AARP Hearing Center
It was 50 years ago that ABBA won fame at the Eurovision Song Contest, Van Halen debuted at a Hollywood club, and Lindsey Buckingham and Stevie Nicks joined Fleetwood Mac. In a year packed with such musical milestones, 1974 also ushered in scores of illustrious albums that remain essential today — and at this year’s Grammys, Joni Mitchell, 80, was the headline performer, joining the Rolling Stones, Dolly Parton, 78, and Bob Dylan, 82, as award nominees.
They’re still making vital new music, and their old work hasn’t aged a day. Here are 10 of the best albums from half a century ago that merit fresh attention:
Wings, ‘Band on the Run’
Paul McCartney just reissued this classic in a 50th anniversary edition (on CD or vinyl) that includes a second disc of previously unreleased “underdubbed” mixes, stripped of orchestral overdubs, as he did with the 2003 Beatles album rerelease Let It Be…Naked. In 1974, armed with fresh material, McCartney went to Lagos, Nigeria, to record the third album with his post-Fabs band Wings. Days before the band’s departure, the guitarist and drummer quit, leaving McCartney, wife Linda, singer/guitarist Denny Laine and veteran Beatles sound engineer Geoff Emerick on their own to record at an ill-equipped studio in a dodgy location. Chaos fueled creativity. Band on the Run saw a return to the confident, catchy, melodic pop and rock McCartney contributed to the Beatles. From the lively sophisticated three-movement title track to charging rockers “Jet” and “Helen Wheels” to the bluesy “Let Me Roll It,” the album vibrates with energy and hooks.
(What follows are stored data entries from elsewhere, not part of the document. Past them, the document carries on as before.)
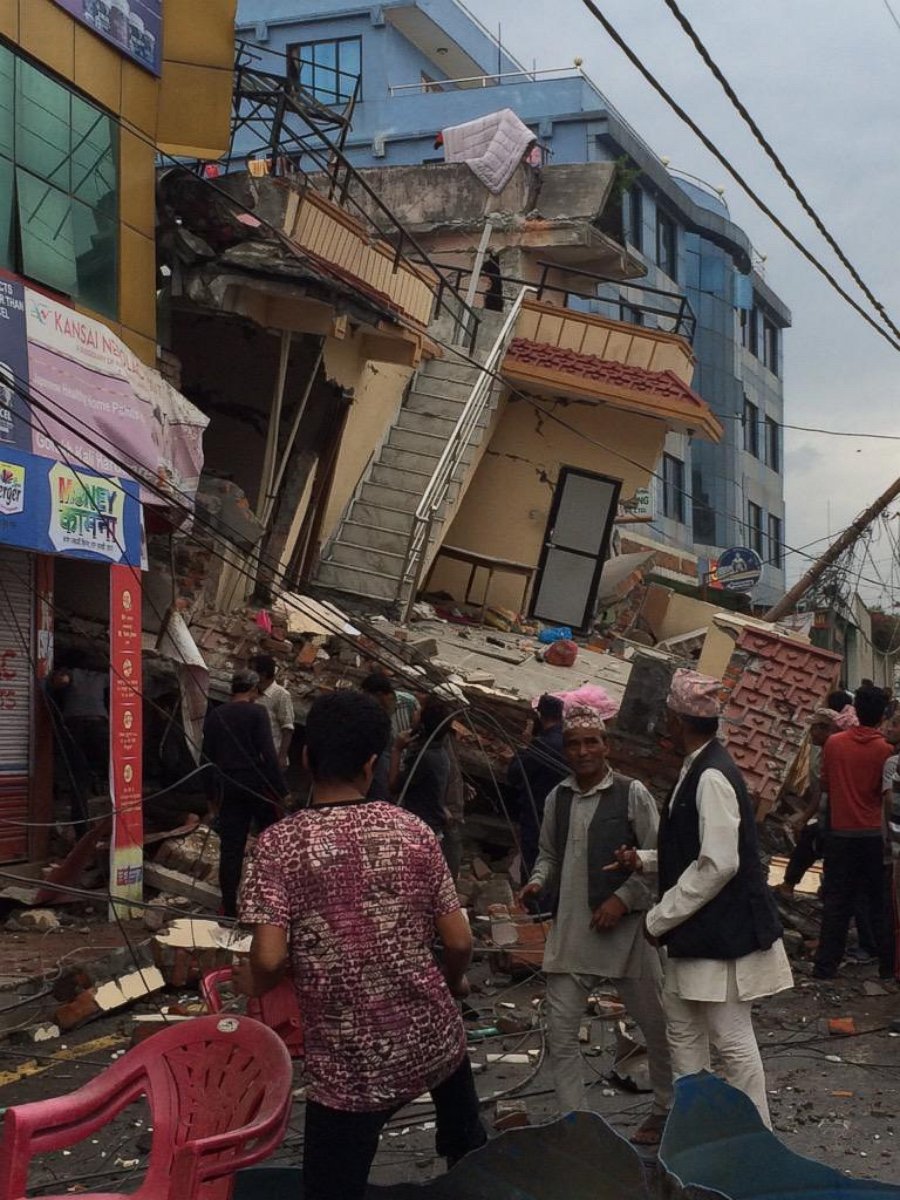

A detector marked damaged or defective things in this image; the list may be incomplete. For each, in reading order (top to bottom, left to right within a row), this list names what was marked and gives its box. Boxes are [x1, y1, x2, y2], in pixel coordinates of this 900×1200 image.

yellow damaged wall [2, 0, 236, 360]
yellow damaged wall [318, 340, 414, 540]
yellow damaged wall [428, 396, 668, 616]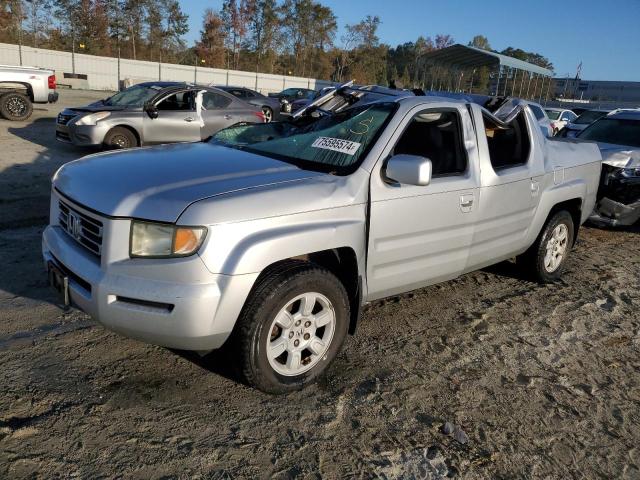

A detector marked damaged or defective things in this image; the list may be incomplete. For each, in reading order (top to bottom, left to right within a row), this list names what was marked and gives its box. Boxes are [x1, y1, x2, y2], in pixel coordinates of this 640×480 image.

damaged vehicle [56, 81, 264, 148]
damaged vehicle [576, 109, 640, 226]
damaged vehicle [42, 83, 604, 394]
Joni Mitchell, ‘Court and Spark’
Joni Mitchell’s bestselling album, a blueprint for generations of acolytes, departs from her previous confessional songs to explore characters. The Canadian singer/songwriter also drifts further from folk into a dexterous fusion of jazz and pop. Adventurous, complex, melodic and clever, Court and Spark won over the masses with the rocking, comic sex-worker lament “Raised on Robbery,” jazzy “Free Man in Paris” (written about her friend the star-maker machinist and record mogul David Geffen), and the airy, anxious love song “Help Me.” The album is free of fillers, with poetic lyrics and inventive arrangements from start to finish.
Bob Dylan and The Band, ‘Before the Flood’
The double-live album, a memento from the 1974 reunion tour, finds Bob Dylan and The Band in fine form, performing with vigor and ferocity while defiantly thumbing their noses at the past by revamping beloved hits. A new sense of fury and urgency propels “All Along the Watchtower,” “It’s All Right, Ma,” “Blowin’ in the Wind” and “Like a Rolling Stone.” Most of the tracks were recorded during the tour’s final shows at the Los Angeles Forum in February 1974 (“Knockin’ on Heaven’s Door” was captured in New York). Dylan’s first live release was widely praised, even though the ever-sardonic singer/songwriter later dismissed the tour as “sort of mindless.”